Forthwith, Todd determines to kill the judge to revenge his wife and save his daughter. He almost succeeds. But when the judge escapes, Todd's reason - or what is left of it - snaps. Thereupon Todd sets off on musical theater's most gruesome, and darkly hilarious, killing spree.

Not only does this singing barber give his clients the closest shaves they will ever get, but afterwards he sends them down a chute to become ingredients in Mrs. Lovett's increasingly successful meat pie shop.

Moving the tale forward is a remarkably elastic musical, with stage language that ranges in style from simple vaudeville comedy to full-blown operatic drama. In this, Sweeney Todd might be likened to Mozart's Don Giovanni, an opera written 200 years earlier but which employs a similar range of humor and darkness, style and emotion.

Born in 1930, Sondheim is unquestionably the widest-ranging American lyricist/composer to ever write for the theater. In each of his works he has moved to new expressive ground.

Much of Sondheim's breadth comes from his background. As a boy he was befriended and mentored in the arts of language and musical theater by Oscar Hammerstein II. After graduating from Williams College, Sondheim enrolled at Princeton where he studied composition with Milton Babbit, one of the century's most experimental composers. The pairing seems to have been a formidable combination.

Sonheim made his Broadway debut at age 27 as the lyricist for Leonard Bernstein's West Side Story. His own shows include, among others, A Funny Thing Happened on the Way to the Forum (1962), the sweetly nostalgic waltz operetta A Little Night Music (1973), the Japanese Kabuki theater-inflected Pacific Overtures (1976), and the grown-up fairy-tale Into the Woods (1987).

In each, Sondheim created a unique musical language. That is his genius.

Few shows have a wider range of emotion than Sweeney Todd, which mixes fidelity with revenge, comedy with horror.

“The moral of all this is that revenge will lead you to hell.

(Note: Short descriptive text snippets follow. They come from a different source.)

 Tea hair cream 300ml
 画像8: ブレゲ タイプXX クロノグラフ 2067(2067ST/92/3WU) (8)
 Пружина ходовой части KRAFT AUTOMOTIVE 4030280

There is no ultimate satisfaction in `an eye for an eye,'” said director Marc Verzatt, who has been in Toledo working with the company for the past two weeks.

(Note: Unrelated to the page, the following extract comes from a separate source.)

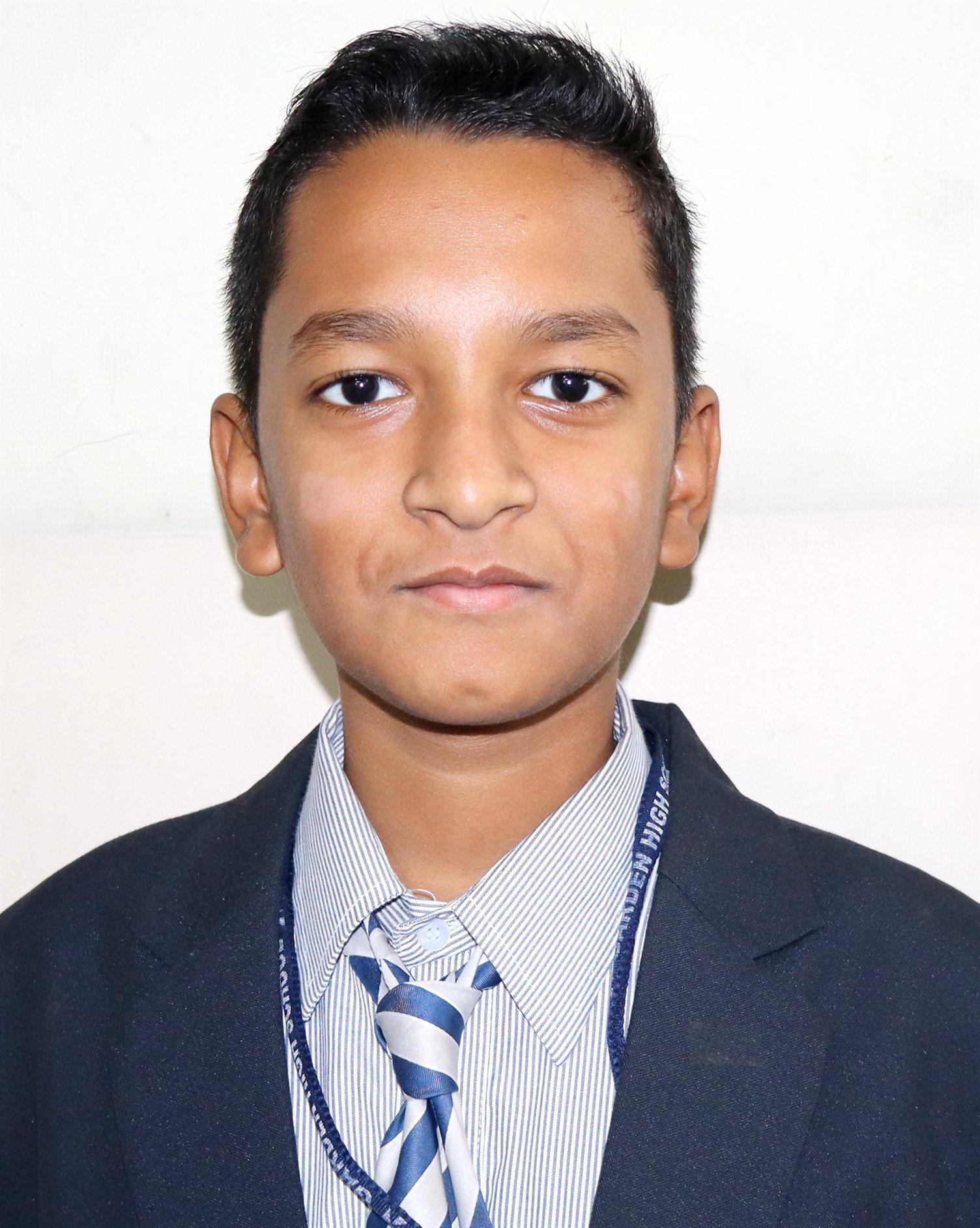 AVIRAJ  HALDAR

“Beyond that is the idea that one has to determine one's own morality. You can't let other people tell you how to behave,” he said.

These are some of the viewpoints Verzatt says are to be found in the show. There are lots of others, but his focus is on revealing the character's motivations, not defining overarching themes.

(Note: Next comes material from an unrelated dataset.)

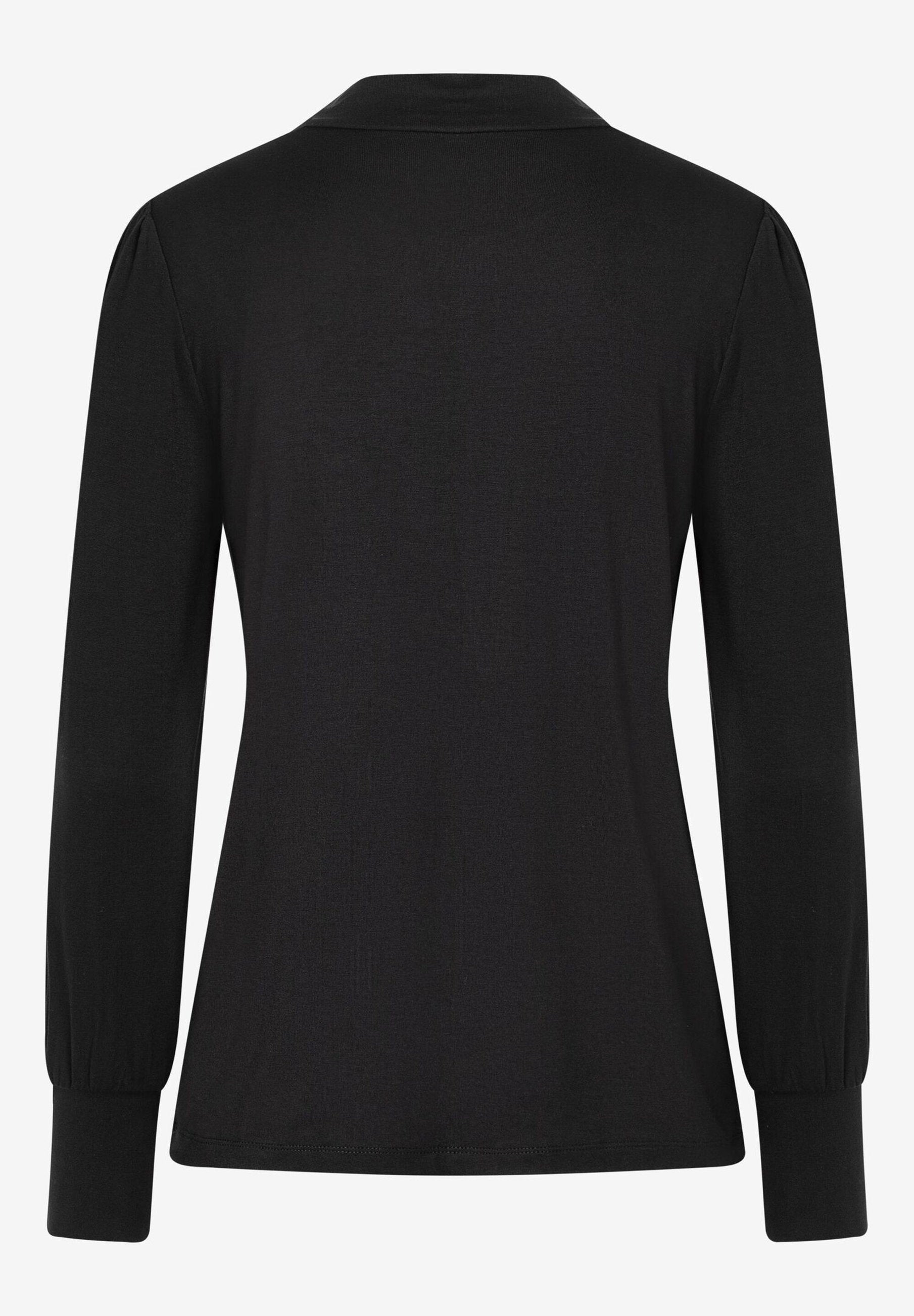 Black Long Sleeve Shirt_31120053_0790_03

“I never say `Aha, this is what I want this piece to be about.' Instead, I look at what the composer did. I try to get into the composer's head and figure out what he was thinking,” said Verzatt.

Directing is about helping to reveal “the kaleidoscopic aspects of the human mind” and “about reacting in the moment to the various and ever-changing situations,” he believes.

“The point is that the character that you see at any point in time is this way because of what has happened to him and what is happening now. Sweeney doesn't begin the show looking to become the demon barber of Fleet Street. The story is about what happens to him and how he reacts to what goes on around him.”

What makes Sondheim such a powerful composer, said Verzatt, is that “he writes for the emotional moment. We are not motivated by the same things all the time.” Sondheim understands that and writes accordingly, he said.

Baritone Gary Simpson will play Todd. Mrs Lovett will be sung by Myrna Paris. Thomas Conlin will conduct. Sets were designed by David Gano.

Toledo Opera will present Sweeney Todd: The Demon Barber of Fleet Street at 7:30 p.m. Friday and Saturday and 2 p.m. Sunday at the Valentine Theatre. Depending on date, tickets range from $20 to $90. Information: 419-255-7464 or 866-860-9048.